Saturday, October 29, 2011

Fan Mail from some Flounders

Maybe not the first fans of Manny Tippitoes, but definitely the first fans of the author.  
They get it.

Friday, October 21, 2011

Cast of Characters - Sir Helios Tippitoes
Manny Tippitoe's father was the Lord of Stockington Island and Director of the Tippitoes Wool Concern.  The case files contain an interview between Detective Schuyler Van Stalwert from the city police force and Sir Helios conducted in 1887.
  Sir Helios left the details of running the family business to his personal assistant, Robin Goodfellow.  The mysterious Goodfellow was instrumental in the sudden growth in distribution and popularity of Tippitoes socks and stockings at the end of the 19th Century.  However, to this day there is no documentation concerning who, exactly Robin Goodfellow was.  How a relatively small wool company based on an island in the North Sea came to manufacture and sell socks across the world is, as yet, unknown.  Goodfellow himself disappeared shortly after the birth of Emmanuel Alva Tippitoes on the night of a full moon. 

Wednesday, October 19, 2011

I'm not familiar with Colson Whitehead's work, and I have zero interest in zombie stories.  But this quote from an Atlantic interview on his new zombie novel Zone Out resonated with me.

What do "literary" fiction and "genre" fiction mean to you? Are these terms helpful to you as a writer, or are they just methods of bookstore organization? 

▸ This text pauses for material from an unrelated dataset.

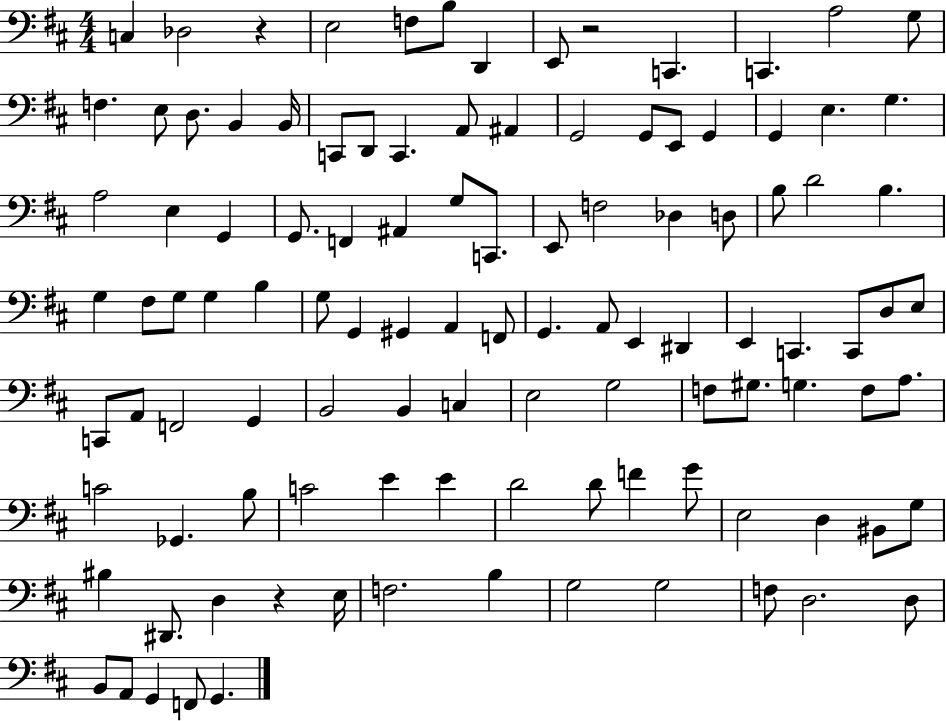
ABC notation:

They don't mean anything to me. They're useful for bookstores, obviously. They're useful for fans. You can figure out what's coming out in the same style of other books you like. But as a writer they have no use for me in my day-to-day work experience. I was inspired to become a writer by horror movies and science fiction. The fantastic effects of magic realism, Garcia Marquez, the crazy, absurd landscapes of Beckett--to me, they're just variations on the fantasy books I grew up on.

I concur.  I have to tell people that The Continuing Case of Manny Tippitoes is a "middle grade" book.  But I didn't write it with that category in mind.  I wrote for the fun of it and with smart, slightly precocious kids in mind.  

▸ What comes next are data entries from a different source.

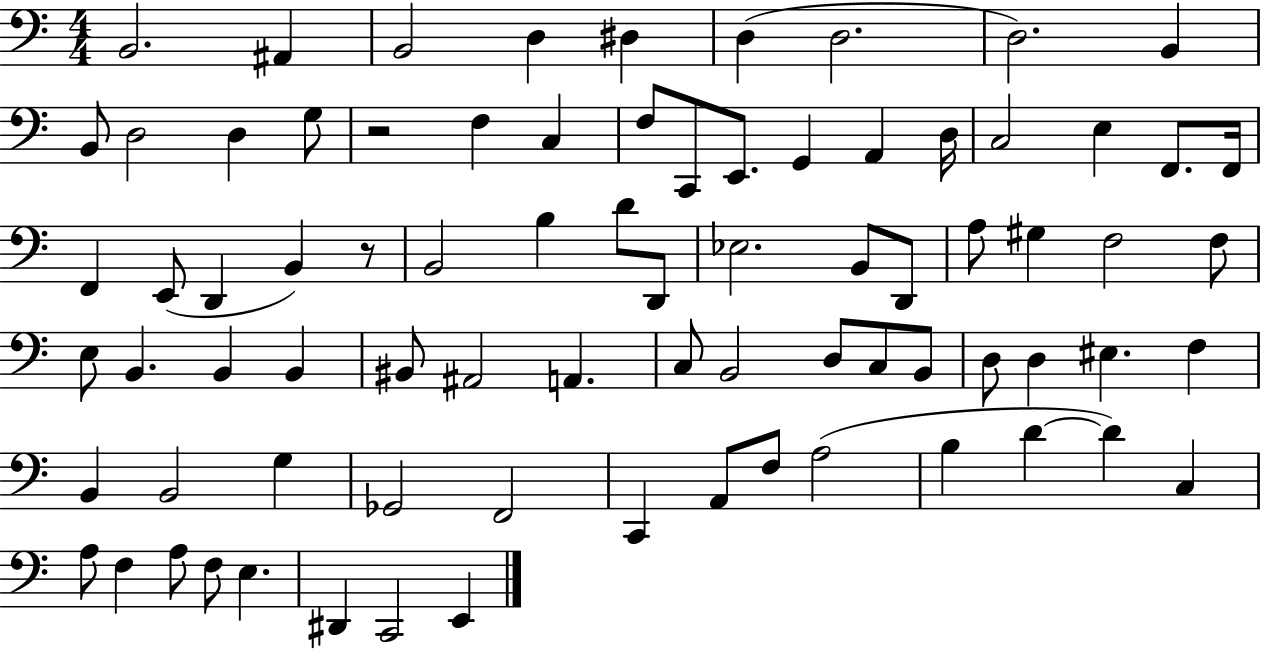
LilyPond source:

{
  \clef bass
  \numericTimeSignature
  \time 4/4
  \key c \major
  b,2. ais,4 | b,2 d4 dis4 | d4( d2. | d2.) b,4 | \break b,8 d2 d4 g8 | r2 f4 c4 | f8 c,8 e,8. g,4 a,4 d16 | c2 e4 f,8. f,16 | \break f,4 e,8( d,4 b,4) r8 | b,2 b4 d'8 d,8 | ees2. b,8 d,8 | a8 gis4 f2 f8 | \break e8 b,4. b,4 b,4 | bis,8 ais,2 a,4. | c8 b,2 d8 c8 b,8 | d8 d4 eis4. f4 | \break b,4 b,2 g4 | ges,2 f,2 | c,4 a,8 f8 a2( | b4 d'4~~ d'4) c4 | \break a8 f4 a8 f8 e4. | dis,4 c,2 e,4 | \bar "|."
}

Saturday, October 15, 2011

The Continuing Case of Manny Tippitoes: Now available for The Kindle
I'm happy to announce that the Kindle version of the book is
available for purchase on the Amazon website.
We've priced the eBook at $5.99 so there's no reason for you to
delay if you are a Kindle user and want to get a copy of The Continuing Case of Manny Tippitoes for yourself.  I'm very excited that the new version of the Kindle will the capacity for color illustrations.  It's nice to think that Kindle users will have the ability to see Anna Wieszczyk's illustrations in color.
  If you read books on your iPhone or iPad, I should have news on how you can get Manny for your devices within a week or so.  The eBook will be priced just as reasonably for those machines as well.

Monday, October 10, 2011

Irving Klawfeld, circa 1932
Cast of Characters - Irving Klawfeld
 Irving Klawfeld is universally acknowledged as THE Broadway Producer of the 20s, 30s and 40s. His series of touring reviews, Klawfeld's Fancies, brought top level vaudeville and musical comedy acts to every corner of America and were adapted into a series of popular films that can still be seen on late night television.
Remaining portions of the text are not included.